Here's the datasource config:
config = {
"name": self.config_id,
"class_name": "Datasource",
"execution_engine": {"class_name": "PandasExecutionEngine"},
"data_connectors": {
"sirene_update_s3_connector": {
"class_name": "InferredAssetS3DataConnector",
"bucket": self.bucket,
"prefix": self.prefix,
"default_regex": {
"pattern": r"(.*)\/(.*)\/technical_date=(\d{4})-(\d{2})-(\d{2})\/(.*)_(\d{8})\.json",
"group_names": [
"prefix",
"data_asset_name",
"year",
"month",
"day",
"file_name",
"date_suffix",
],
},
},
},
}
Here are two batch_requests that i constructed differently...

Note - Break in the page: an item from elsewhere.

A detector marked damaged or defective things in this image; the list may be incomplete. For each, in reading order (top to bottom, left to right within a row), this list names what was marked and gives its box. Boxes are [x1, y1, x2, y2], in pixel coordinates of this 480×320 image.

# Construct all the batches
batch_request_parameters = {
"datasource_name": datasource.name,
"data_connector_name": list(datasource.data_connectors.keys())[0],
"data_asset_name": "asset_alpha",
}
batch_request = BatchRequest(**batch_request_parameters)

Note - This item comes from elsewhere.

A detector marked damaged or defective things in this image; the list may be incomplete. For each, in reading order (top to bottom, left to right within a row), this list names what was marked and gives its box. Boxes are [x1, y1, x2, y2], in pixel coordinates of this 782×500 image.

datasource.get_batch_definition_list_from_batch_request(batch_request)
returns:
[{'datasource_name': 'my_bucket.data_pipelines.raw_data.asset_alpha', 'data_connector_name': 'asset_alpha_s3_connector', 'data_asset_name': 'asset_alpha', 'batch_identifiers': {'prefix': 'data_pipelines/raw_data', 'year': '2022', 'month': '11', 'day': '23', 'file_name': 'companies', 'date_suffix': '20221123'}},
{'datasource_name': 'my_bucket.data_pipelines.raw_data.asset_alpha', 'data_connector_name': 'asset_alpha_s3_connector', 'data_asset_name': 'asset_alpha', 'batch_identifiers': {'prefix': 'data_pipelines/raw_data', 'year': '2022', 'month': '12', 'day': '06', 'file_name': 'companies', 'date_suffix': '20221206'}},
{'datasource_name': 'my_bucket.data_pipelines.raw_data.asset_alpha', 'data_connector_name': 'asset_alpha_s3_connector', 'data_asset_name': 'asset_alpha', 'batch_identifiers': {'prefix': 'data_pipelines/raw_data', 'year': '2022', 'month': '12', 'day': '12', 'file_name': 'companies', 'date_suffix': '20221212'}},
#...
]
# Construct filtered batch
batch_request_parameters_2 = {
"datasource_name": datasource.name,
"data_connector_name": list(datasource.data_connectors.keys())[0],
"data_asset_name": "asset_alpha",
"data_connector_query": {
"prefix": "data_pipelines/raw_data",
"year": "2022",
"month": "11",
"day": "23",
"file_name": "companies",
"date_suffix": "20221123",
},
}
batch_request_2 = BatchRequest(**batch_request_parameters_2)
datasource.get_batch_definition_list_from_batch_request(batch_request_2)
This raises an error...
BatchFilterError: Unrecognized data_connector_query key(s):
"{'file_name', 'prefix', 'year', 'month', 'day', 'date_suffix'}" detected.
I tested with BatchDefinition
, and it seems to work well.
from great_expectations.core.id_dict import IDDict
batch_request_parameters_3 = {
"datasource_name": datasource.name,
"data_connector_name": list(datasource.data_connectors.keys())[0],
"data_asset_name": "asset_alpha",
"batch_identifiers": IDDict({
"prefix": "data_pipelines/raw_data",
"year": "2022",
"month": "11",
"day": "23",
"file_name": "companies",
"date_suffix": "20221123",
}),
}
batch_def = BatchDefinition(**batch_request_parameters_3)
datasource.get_batch_from_batch_definition(batch_def)
What's up with BatchRequest
, and why can't it detect my group_names
?